When did the Abbasid Caliphate begin and who started it?

The Abbasid Caliphate began in 747 when Abu Muslim raised a black flag in Merv to start an armed uprising. This revolt toppled the Umayyad dynasty within three years by drawing strength from Khurasan.

Who founded Baghdad and when was it built?

Caliph al-Mansur laid the foundation for Baghdad on the banks of the Tigris River in 762. He named this new metropolis Madinat al-Salam or City of Peace and constructed successive rings of brick walls with a workforce of 100,000 laborers.

What happened during the Anarchy at Samarra between 861 and 870?

Turkish soldiers murdered Caliph al-Mutawakkil on the 1st of January 861 which marked the first direct military intervention at court. Four different caliphs came and went within nine years while tax collection lapsed and the state remained short on funds.

How did the Mongol siege end the Abbasid Caliphate in 1258?

Mongol forces under Hulagu Khan besieged Baghdad starting on the 29th of January 1258 and began the sack on February 13. They slaughtered the population and trampled Caliph al-Musta'im to death by horses wrapped in a carpet on the 20th of February 1258 ending five centuries of rule.

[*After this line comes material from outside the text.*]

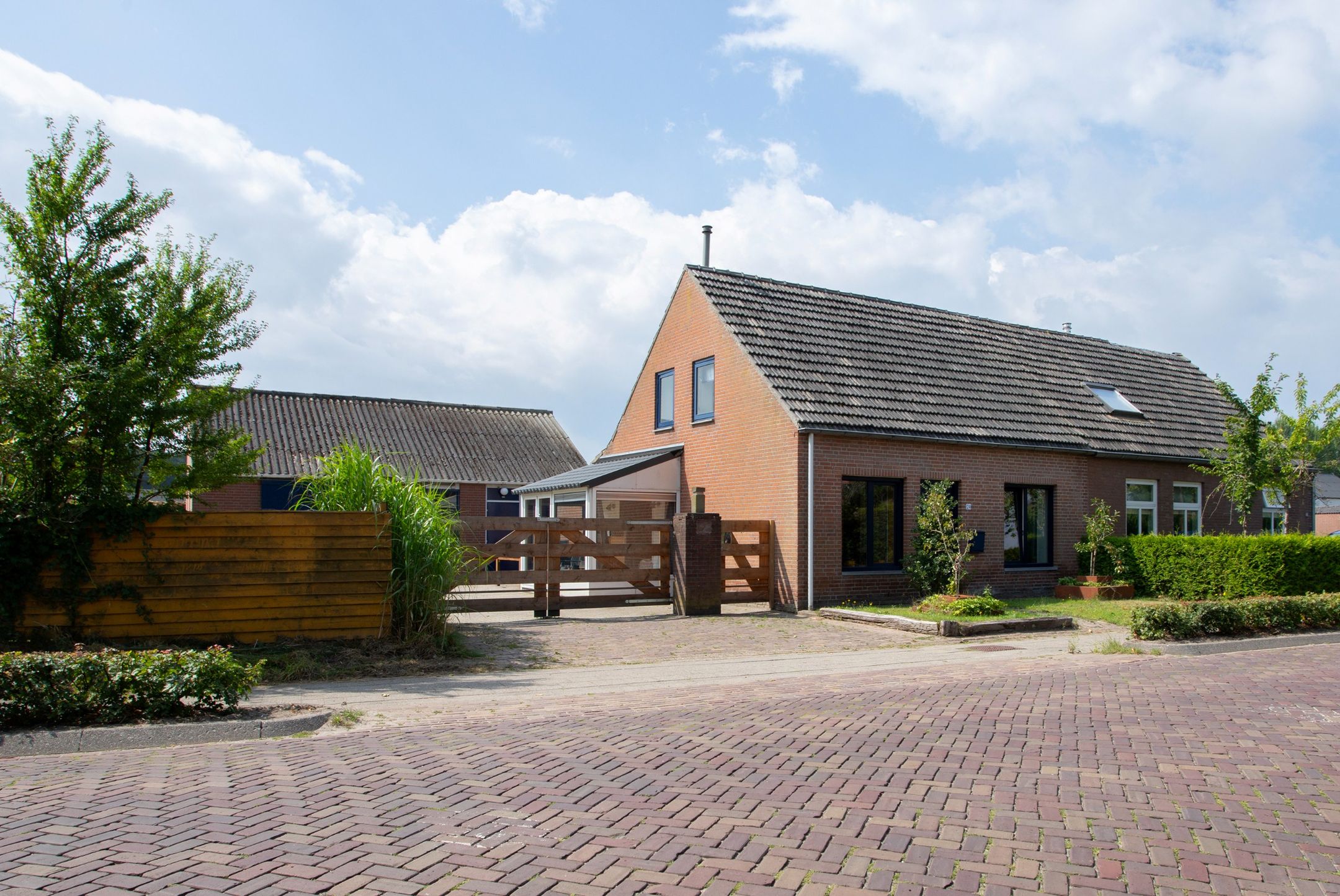 Photo of property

Where did the Abbasid Caliphate continue after the fall of Baghdad?

In 1261 Mamluk ruler Baybars invited a surviving member of the Abbasid family to establish himself in Cairo as a new caliph. The line continued there as a strictly ceremonial institution conferring prestige upon the Mamluk sultans until Ottoman Sultan Selim I conquered Egypt in 1517.